I am sitting across from Beryl in her home in Moss Creek. I know from numerous sources that Beryl is as indefatigable a contributor to this community as her husband was. She opens the door, welcoming and at ease. I am comforted by how she looks; like a woman who has fully inhabited herself from childhood, through girlhood and womanhood into maturity. She is wearing a monogramed red apron, a light purple button down shirt and dark pants. There is nothing frivolous or vain about this woman. Her hazel green eyes hold humor and wisdom. I didn't realize until we had talked for quite a while, that Peter died five years ago.
I marvel (inwardly) that life or fate or whatever mystery you call it, drew two equally forceful, fearless, adventuresome people to a collision point in a NYC hospital elevator where they met, then married and together, with no prior plan, changed the future of a small coastal island, where they just happened to stop. It incorporates romance and purpose and belongingness, and yet it is something more. I am left understanding only that Beryl and Peter have had a big life.
Her presence fills me with a sense of what mature womanhood can be: solidity, durability, power earned through being, rather than striving. She embodies a resoluteness that demands justice and practices compassion. She is someone who understands loss, yet remains both steely strong and loving. I witness her sincerity when she talks of helping even "one child" struggling with drug and alcohol addiction; her crusty and humorous delight in talking about her five children, her smile when she talks about taking her grandson, Carlos, for "a crazy, crabby fish" at Crazy Crab restaurant; her tears when she talks of visiting the Children's Memorial at Yad Vashem on her trip to Israel.

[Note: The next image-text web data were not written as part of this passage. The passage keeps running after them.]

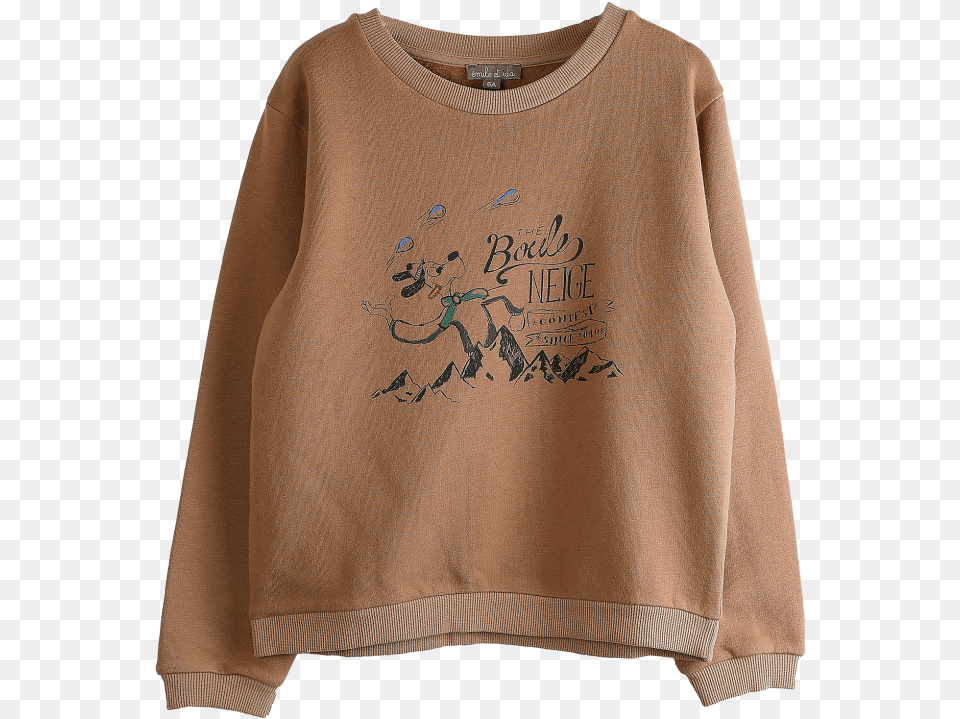 Emile Et Ida Sweatshirt Snowball Sweatshirt, Clothing, Knitwear, Sweater, Long Sleeve Free Transparent Png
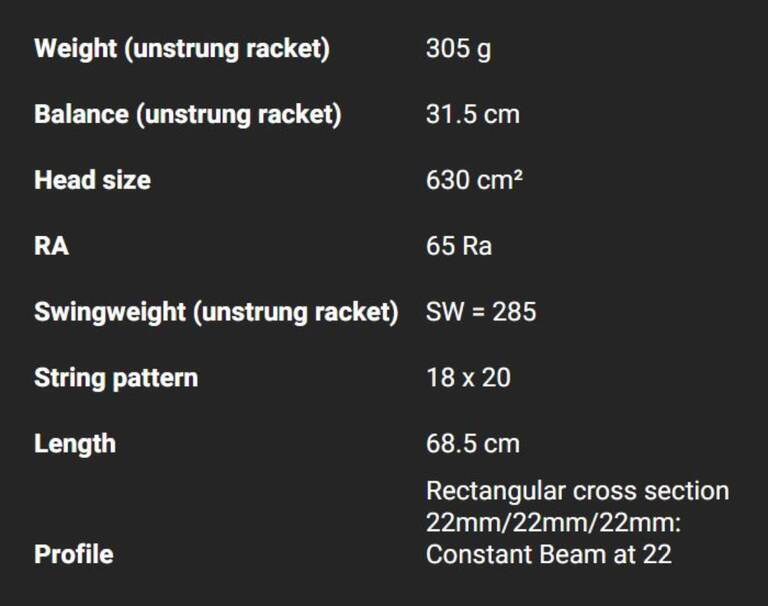 Adult Tennis Racket Control Tour TR960 18x20 Unstrung - Grey - GAËL MONFILS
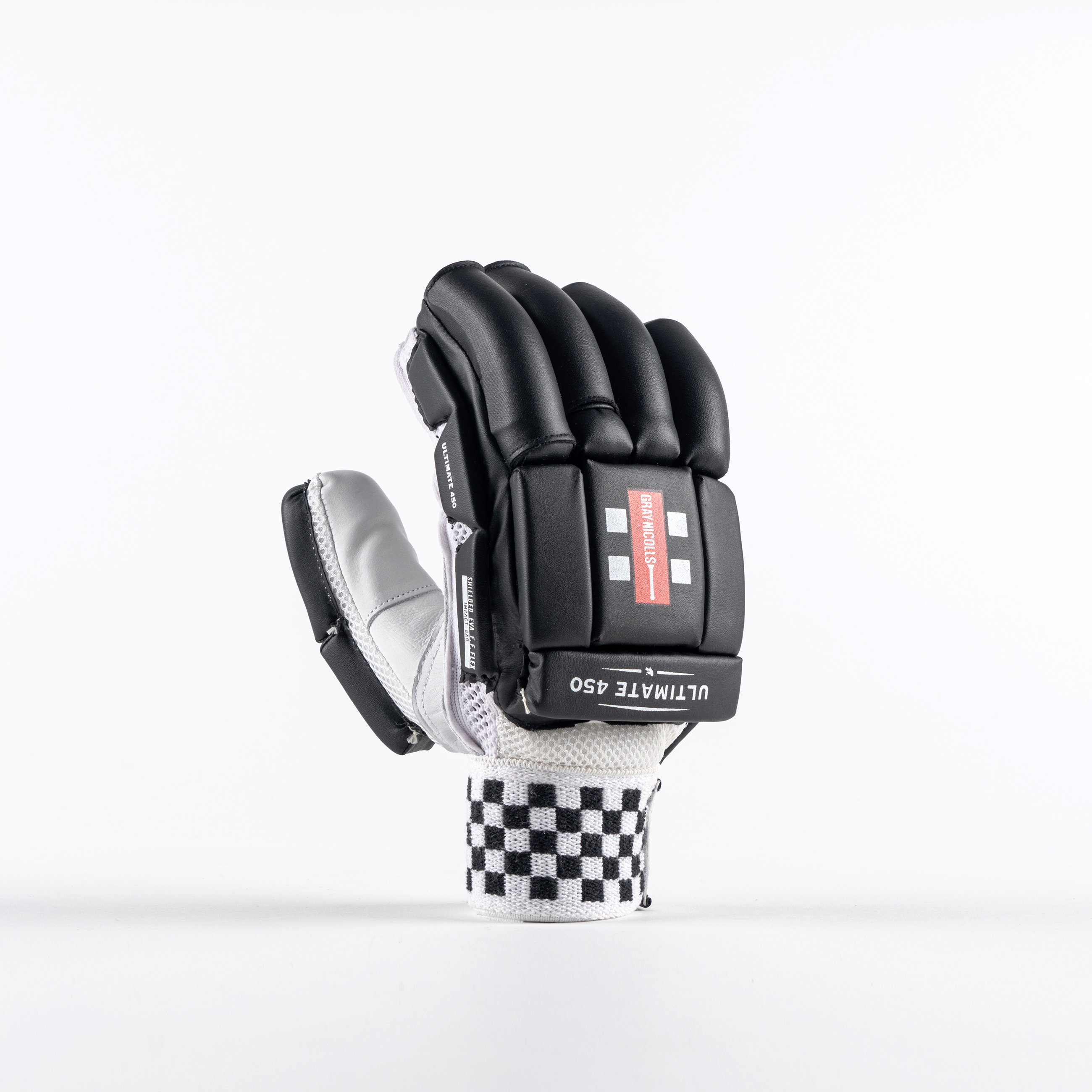 Gray Nicolls Ultimate 450 Black Batting Gloves - 2025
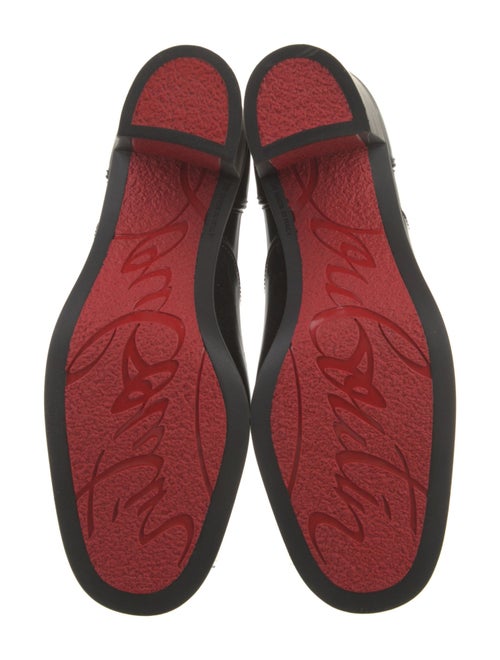 Christian Louboutin Rubber Studded Accents Rain Boots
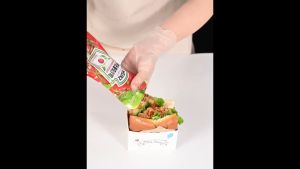 25pcs Korean Sandwich Packaging Box Egg Drop Box Hamburger Bread Toast Box Holder Sandwich Wrapper Fries Fried Chicken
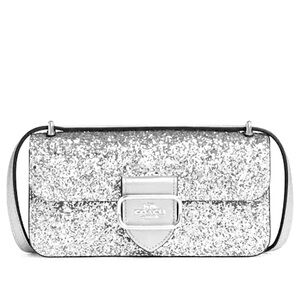 Coach Silver NWT Morgan Crossbody Shoulder Bag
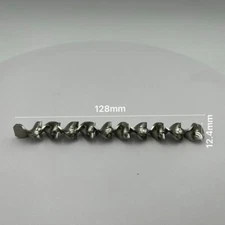 1PC Nominal Ø12.5mm x 128mm long, 10 elements SUS304 Spiral Static Mixer Section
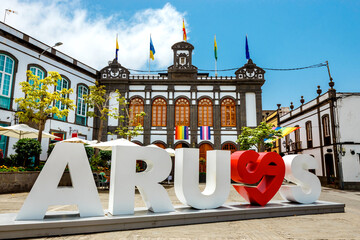 old town of Arucas, Gran Canaria, Canary islands, Spain.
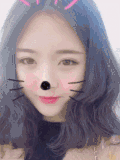 特效表情 可爱 美女 淑女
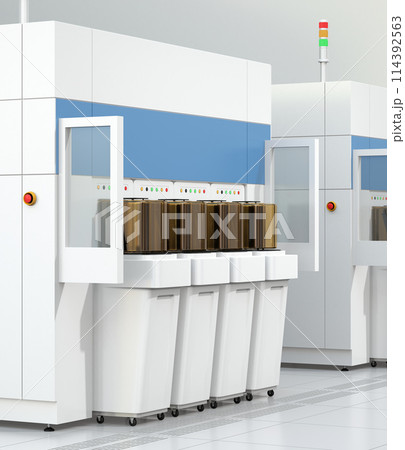 半導体製造工場のエッチング洗浄装置のイメージ 114392563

Beryl LaMotte has been in the Lowcountry for 42 years. How lucky are we that she decided, as a headstrong young woman, to come out of Africa and bring her feisty, indomitable spirit to our shores.
Home Sweet Home: the LaMotte family lived in Sea Pines; Hilton Head Plantation; Spring Island and Belfair before Beryl moved to Moss Creek last Thanksgiving
Home Entertainment: Beryl easily handled 45 guests for drop-in dinners over the years. She loves to cook.
"Trying to Save the World": Beryl's rueful explanation why she no longer does her ceramic art work.
Good Works: Honestly, the list is too long for this article.